#### [Provided information]
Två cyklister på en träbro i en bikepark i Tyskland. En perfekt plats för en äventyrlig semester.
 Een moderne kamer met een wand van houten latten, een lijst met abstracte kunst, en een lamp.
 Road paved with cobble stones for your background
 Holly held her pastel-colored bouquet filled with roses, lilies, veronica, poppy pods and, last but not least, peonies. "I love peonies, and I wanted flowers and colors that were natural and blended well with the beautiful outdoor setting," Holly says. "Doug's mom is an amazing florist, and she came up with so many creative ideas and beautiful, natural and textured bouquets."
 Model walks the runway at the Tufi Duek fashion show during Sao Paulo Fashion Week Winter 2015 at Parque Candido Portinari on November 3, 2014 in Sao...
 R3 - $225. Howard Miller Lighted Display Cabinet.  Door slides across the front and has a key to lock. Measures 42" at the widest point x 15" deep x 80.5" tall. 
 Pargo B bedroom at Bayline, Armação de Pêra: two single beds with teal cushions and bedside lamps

#### [Your task]
Restate the full material word for word.

#### [Exercise response]
Två cyklister på en träbro i en bikepark i Tyskland. En perfekt plats för en äventyrlig semester.
 Een moderne kamer met een wand van houten latten, een lijst met abstracte kunst, en een lamp.
 Road paved with cobble stones for your background
 Holly held her pastel-colored bouquet filled with roses, lilies, veronica, poppy pods and, last but not least, peonies. "I love peonies, and I wanted flowers and colors that were natural and blended well with the beautiful outdoor setting," Holly says. "Doug's mom is an amazing florist, and she came up with so many creative ideas and beautiful, natural and textured bouquets."
 Model walks the runway at the Tufi Duek fashion show during Sao Paulo Fashion Week Winter 2015 at Parque Candido Portinari on November 3, 2014 in Sao...
 R3 - $225. Howard Miller Lighted Display Cabinet.  Door slides across the front and has a key to lock. Measures 42" at the widest point x 15" deep x 80.5" tall. 
 Pargo B bedroom at Bayline, Armação de Pêra: two single beds with teal cushions and bedside lamps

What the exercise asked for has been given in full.